Tuesday, January 7, 2014

Commentary—As California Goes, so Goes the Nation?

If the citizens neglect their duty and place unprincipled men in office, the government will soon be corrupted. — Noah Webster

My wife and I are vacationing in Southern California. The warm and sunny weather has made a perfect respite from the storms lashing our home in Nebraska. We both grew up in California, but moved out-of-state twenty-five years ago. We weren’t fed up with the place. A quarter century ago California was still livable. Actually, California is still livable, as long as you have piles of cash and a fondness for government.

Beltway elites like to fixate on a couple botched 2010 Senate races, but in truth that election was a rout for progressives. Republicans captured an additional 63 seats in the House of Representatives to win the majority, the largest midterm seat change in seventy years. Republicans gained 6 seats in the Senate, but not enough to gain control. Republicans won a record 680 additional seats in state legislatures. Five states saw both chambers switch from Democrat to Republican. In four additional states, Republicans flipped one of the chambers to give them control of both chambers. In three more states, Republicans increased their control in both houses, and in four states they picked up one chamber to split control of the legislature. Republicans also saw a net increase of six governorships to gain a national majority.

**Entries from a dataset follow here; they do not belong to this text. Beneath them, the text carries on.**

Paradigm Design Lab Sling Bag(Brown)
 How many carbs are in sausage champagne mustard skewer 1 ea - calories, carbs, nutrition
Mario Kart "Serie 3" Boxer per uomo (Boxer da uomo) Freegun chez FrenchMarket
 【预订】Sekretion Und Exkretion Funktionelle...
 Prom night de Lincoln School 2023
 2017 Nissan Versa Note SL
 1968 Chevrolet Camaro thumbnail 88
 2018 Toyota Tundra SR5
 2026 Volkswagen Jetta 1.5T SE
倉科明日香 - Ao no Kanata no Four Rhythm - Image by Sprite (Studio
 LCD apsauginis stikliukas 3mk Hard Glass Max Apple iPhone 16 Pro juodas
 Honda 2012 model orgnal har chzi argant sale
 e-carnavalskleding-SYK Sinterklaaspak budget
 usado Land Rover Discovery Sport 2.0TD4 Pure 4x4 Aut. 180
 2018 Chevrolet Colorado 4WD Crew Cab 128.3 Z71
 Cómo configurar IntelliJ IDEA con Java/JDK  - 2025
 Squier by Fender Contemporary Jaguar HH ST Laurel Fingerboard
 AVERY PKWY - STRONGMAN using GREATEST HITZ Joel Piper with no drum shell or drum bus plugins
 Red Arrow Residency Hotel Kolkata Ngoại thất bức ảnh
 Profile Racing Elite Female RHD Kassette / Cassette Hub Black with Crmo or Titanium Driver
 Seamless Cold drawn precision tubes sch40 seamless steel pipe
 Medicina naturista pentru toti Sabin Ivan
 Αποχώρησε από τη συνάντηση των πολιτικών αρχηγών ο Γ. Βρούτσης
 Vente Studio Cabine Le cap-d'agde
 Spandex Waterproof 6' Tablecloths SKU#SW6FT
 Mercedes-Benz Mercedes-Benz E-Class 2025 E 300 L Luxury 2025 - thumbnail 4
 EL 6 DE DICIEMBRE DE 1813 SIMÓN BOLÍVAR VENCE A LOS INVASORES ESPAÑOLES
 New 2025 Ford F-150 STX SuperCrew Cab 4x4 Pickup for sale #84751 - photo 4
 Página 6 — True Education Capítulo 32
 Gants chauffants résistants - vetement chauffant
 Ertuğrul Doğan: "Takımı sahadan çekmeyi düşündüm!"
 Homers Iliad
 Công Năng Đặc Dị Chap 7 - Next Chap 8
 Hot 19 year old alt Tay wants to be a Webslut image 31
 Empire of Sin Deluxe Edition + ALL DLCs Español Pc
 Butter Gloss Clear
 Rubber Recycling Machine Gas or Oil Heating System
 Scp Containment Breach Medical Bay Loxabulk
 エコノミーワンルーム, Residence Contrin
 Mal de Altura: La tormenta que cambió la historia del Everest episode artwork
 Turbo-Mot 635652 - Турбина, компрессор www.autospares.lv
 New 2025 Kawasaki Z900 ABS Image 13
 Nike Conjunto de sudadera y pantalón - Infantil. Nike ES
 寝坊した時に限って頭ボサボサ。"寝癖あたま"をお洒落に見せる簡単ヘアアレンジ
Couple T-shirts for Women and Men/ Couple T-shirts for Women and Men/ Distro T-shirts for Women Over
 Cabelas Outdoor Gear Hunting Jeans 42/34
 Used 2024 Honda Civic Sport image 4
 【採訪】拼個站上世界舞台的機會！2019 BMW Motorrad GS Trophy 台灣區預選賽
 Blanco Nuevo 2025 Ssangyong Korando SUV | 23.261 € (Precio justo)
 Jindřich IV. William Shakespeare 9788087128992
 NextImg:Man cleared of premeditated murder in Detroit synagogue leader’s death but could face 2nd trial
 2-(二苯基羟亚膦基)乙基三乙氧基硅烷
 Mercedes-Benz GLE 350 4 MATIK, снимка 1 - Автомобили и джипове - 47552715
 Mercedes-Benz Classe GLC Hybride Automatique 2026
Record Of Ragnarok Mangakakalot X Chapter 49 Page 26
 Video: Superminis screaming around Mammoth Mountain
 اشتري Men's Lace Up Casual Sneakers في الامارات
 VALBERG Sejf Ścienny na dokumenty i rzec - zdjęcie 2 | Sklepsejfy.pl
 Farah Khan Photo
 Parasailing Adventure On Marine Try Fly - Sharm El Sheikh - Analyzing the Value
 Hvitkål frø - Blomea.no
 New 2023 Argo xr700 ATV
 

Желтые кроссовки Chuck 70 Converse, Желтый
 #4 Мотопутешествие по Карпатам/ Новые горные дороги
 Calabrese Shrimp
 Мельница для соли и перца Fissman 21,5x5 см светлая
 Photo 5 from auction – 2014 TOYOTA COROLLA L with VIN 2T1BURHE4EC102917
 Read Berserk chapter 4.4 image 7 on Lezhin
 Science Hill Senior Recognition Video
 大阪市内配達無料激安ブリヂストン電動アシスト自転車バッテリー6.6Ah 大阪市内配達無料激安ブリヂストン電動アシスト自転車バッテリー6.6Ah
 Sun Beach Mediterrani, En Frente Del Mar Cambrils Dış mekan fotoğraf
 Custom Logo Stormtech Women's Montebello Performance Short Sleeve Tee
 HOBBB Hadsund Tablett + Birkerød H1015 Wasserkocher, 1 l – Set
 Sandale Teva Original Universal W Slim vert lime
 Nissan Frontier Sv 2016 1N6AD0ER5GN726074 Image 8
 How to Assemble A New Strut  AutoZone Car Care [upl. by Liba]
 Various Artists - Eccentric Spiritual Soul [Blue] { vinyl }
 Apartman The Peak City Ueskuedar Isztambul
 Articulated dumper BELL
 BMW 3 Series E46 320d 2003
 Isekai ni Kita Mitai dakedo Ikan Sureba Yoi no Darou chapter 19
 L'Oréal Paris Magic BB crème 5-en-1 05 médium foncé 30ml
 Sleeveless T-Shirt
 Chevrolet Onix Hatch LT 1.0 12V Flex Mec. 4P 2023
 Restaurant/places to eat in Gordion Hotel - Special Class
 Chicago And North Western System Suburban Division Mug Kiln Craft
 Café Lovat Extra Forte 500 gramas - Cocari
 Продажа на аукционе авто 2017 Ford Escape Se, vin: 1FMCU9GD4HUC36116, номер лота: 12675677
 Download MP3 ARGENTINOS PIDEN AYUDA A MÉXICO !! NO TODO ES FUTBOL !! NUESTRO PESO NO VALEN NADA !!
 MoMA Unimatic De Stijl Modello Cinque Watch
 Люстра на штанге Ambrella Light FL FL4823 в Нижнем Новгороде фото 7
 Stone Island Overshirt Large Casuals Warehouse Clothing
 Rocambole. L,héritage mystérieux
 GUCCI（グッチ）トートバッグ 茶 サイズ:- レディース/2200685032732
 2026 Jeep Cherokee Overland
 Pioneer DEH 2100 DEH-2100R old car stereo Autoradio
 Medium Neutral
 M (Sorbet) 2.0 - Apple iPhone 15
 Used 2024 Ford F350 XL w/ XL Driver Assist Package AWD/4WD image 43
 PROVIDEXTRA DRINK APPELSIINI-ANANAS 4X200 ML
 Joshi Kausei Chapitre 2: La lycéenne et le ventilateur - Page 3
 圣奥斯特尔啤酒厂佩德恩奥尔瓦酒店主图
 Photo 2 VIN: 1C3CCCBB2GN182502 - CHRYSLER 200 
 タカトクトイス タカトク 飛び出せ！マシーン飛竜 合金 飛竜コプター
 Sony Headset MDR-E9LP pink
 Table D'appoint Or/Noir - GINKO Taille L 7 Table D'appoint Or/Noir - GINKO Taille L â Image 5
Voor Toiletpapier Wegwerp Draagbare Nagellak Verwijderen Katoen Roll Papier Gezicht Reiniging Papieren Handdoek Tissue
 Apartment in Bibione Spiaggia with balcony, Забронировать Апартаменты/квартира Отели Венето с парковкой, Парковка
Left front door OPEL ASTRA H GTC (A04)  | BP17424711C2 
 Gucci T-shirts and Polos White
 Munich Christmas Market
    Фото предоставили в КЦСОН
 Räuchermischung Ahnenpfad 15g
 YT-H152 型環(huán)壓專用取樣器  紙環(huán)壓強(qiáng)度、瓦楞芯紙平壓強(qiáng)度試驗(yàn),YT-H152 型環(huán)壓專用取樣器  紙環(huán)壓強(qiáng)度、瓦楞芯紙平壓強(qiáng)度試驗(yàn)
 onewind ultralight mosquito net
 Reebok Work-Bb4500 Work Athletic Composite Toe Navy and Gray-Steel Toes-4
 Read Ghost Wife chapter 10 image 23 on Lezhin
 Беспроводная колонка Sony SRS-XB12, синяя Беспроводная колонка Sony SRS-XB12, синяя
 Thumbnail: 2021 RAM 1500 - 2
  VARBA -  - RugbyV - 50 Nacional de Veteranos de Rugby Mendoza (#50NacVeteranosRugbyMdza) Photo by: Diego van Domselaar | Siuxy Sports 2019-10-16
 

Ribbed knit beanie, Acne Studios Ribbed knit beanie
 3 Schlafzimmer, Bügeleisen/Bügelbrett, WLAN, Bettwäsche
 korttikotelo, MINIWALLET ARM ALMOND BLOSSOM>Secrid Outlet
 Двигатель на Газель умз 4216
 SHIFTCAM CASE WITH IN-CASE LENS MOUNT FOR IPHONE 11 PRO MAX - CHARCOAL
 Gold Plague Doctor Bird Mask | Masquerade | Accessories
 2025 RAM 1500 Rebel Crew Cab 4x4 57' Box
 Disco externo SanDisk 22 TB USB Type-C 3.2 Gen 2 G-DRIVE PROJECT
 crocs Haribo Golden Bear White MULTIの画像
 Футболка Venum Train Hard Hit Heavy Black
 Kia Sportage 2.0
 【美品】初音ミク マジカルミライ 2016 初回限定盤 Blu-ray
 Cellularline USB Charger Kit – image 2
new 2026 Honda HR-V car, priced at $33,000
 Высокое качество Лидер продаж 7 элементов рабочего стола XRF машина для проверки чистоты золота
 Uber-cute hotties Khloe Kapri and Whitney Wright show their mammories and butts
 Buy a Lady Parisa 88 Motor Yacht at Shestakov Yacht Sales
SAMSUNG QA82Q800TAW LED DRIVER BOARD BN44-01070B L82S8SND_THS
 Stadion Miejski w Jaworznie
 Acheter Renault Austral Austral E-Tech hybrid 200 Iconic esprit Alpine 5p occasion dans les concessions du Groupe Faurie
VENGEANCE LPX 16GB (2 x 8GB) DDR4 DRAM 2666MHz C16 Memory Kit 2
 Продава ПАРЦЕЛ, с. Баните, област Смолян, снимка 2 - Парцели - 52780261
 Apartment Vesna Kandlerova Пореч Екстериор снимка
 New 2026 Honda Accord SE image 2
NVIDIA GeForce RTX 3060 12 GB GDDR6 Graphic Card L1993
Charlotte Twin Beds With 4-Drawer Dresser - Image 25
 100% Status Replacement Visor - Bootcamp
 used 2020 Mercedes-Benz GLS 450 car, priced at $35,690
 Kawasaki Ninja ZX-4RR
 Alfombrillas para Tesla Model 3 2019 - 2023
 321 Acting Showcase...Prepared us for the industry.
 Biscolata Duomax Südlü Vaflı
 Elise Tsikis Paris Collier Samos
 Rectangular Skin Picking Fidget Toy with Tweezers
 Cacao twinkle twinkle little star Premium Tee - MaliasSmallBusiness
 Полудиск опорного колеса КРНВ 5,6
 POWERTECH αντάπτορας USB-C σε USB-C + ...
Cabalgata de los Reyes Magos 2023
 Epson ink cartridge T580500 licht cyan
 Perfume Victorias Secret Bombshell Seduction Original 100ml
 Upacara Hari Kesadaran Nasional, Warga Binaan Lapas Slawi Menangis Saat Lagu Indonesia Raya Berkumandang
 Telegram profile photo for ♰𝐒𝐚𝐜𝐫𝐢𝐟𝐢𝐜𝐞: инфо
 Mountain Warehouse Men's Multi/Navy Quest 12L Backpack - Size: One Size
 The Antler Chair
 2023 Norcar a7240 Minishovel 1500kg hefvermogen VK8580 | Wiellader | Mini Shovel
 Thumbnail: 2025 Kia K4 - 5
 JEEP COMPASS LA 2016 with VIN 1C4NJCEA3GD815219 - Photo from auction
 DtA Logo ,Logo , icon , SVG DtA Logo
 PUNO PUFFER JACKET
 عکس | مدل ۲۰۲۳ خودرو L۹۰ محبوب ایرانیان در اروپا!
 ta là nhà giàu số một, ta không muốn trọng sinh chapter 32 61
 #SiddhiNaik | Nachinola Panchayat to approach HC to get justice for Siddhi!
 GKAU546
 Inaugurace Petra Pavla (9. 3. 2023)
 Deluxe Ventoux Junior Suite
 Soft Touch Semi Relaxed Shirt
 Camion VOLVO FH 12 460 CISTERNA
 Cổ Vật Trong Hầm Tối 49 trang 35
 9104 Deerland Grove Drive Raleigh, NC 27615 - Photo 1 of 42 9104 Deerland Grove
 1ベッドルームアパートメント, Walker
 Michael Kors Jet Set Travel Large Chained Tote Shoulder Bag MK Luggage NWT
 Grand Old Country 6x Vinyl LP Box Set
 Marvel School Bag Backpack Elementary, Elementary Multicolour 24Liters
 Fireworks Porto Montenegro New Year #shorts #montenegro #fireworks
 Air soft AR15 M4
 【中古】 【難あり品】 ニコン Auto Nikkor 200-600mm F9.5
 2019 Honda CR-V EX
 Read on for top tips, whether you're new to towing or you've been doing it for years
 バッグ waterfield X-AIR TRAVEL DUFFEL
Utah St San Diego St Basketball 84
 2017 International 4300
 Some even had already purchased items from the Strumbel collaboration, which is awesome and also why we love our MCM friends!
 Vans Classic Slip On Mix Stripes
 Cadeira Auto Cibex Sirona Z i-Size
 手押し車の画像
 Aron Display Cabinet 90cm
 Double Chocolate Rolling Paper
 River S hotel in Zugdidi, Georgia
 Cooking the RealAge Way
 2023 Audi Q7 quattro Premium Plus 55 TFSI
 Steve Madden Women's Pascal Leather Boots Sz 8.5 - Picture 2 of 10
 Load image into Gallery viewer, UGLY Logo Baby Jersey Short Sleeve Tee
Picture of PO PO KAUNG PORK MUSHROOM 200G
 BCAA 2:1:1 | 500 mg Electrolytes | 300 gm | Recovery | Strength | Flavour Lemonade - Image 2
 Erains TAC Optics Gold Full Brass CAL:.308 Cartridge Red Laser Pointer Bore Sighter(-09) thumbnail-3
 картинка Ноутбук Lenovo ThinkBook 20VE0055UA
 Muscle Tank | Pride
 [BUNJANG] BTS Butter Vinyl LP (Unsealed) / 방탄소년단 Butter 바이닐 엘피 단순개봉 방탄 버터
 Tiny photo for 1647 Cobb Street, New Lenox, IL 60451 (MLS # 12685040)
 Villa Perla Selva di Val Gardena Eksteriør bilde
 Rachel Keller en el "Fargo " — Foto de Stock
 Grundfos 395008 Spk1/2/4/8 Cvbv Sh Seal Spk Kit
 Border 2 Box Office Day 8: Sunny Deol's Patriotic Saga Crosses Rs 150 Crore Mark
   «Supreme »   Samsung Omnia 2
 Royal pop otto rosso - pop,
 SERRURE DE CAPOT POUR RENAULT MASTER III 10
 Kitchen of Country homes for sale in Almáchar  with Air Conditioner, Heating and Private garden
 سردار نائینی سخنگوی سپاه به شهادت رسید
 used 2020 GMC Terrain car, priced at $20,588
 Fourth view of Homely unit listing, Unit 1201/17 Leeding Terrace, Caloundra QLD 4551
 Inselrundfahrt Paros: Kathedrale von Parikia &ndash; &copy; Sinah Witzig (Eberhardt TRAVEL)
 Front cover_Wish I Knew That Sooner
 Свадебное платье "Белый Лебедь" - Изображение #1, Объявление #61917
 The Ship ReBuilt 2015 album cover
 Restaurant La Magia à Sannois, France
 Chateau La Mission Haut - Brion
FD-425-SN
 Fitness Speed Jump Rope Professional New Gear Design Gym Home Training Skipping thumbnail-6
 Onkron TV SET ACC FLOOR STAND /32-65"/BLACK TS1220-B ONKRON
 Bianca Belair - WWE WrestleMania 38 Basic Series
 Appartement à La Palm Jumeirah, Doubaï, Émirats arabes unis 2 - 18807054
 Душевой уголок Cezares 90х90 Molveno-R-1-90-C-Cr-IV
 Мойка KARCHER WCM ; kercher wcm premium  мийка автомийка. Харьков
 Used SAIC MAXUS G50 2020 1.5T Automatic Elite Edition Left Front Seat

It seems everyone got the memo … except California. Democrats retained control of both houses of the legislature and increased their majority in the lower house. Democrats not only took the governorship away from Republicans, but elected a retread from bygone days. Governor Jerry Brown had last held the office nearly thirty years ago. At that time, Brown was disparagingly called Governor Moonbeam for his hippy ways and he remains a committed progressive. Propositions 25 and 26 presented the coup de grace by eliminating the two-thirds requirement for budget and fee increases, thus completely neutering Republicans. From top to bottom, 2010 was a raging success for Republicansexcept in California.

The 2012 election improved Democrat control. They gained a super-majority in both chambers of the legislature and passed Governor Brown’s sales tax increase and a soak-the-rich income tax increase. It didn’t seem to matter that the top 1% of California income earners already paid 50% of the state's income tax.  The state appears to hate the successful, with the exception of the wealthy in Hollywood, sports, and cool technologies. 

California is not doing well. Unemployment is 8.5%, a point and a half higher than the national average. The state and its municipalities face unfunded pension obligations that exceed $500 billion. California now has 36% of the nation's welfare recipients. Nearly 10% of people in California rely on food stamps. Multiple cities have filed for bankruptcy. California has 32% of the illegal aliens in the United States. Student spending for K-12 has doubled in the last 15 years, but California has the highest dropout rate in the nation, and it’s the only state with more administrators than teachers.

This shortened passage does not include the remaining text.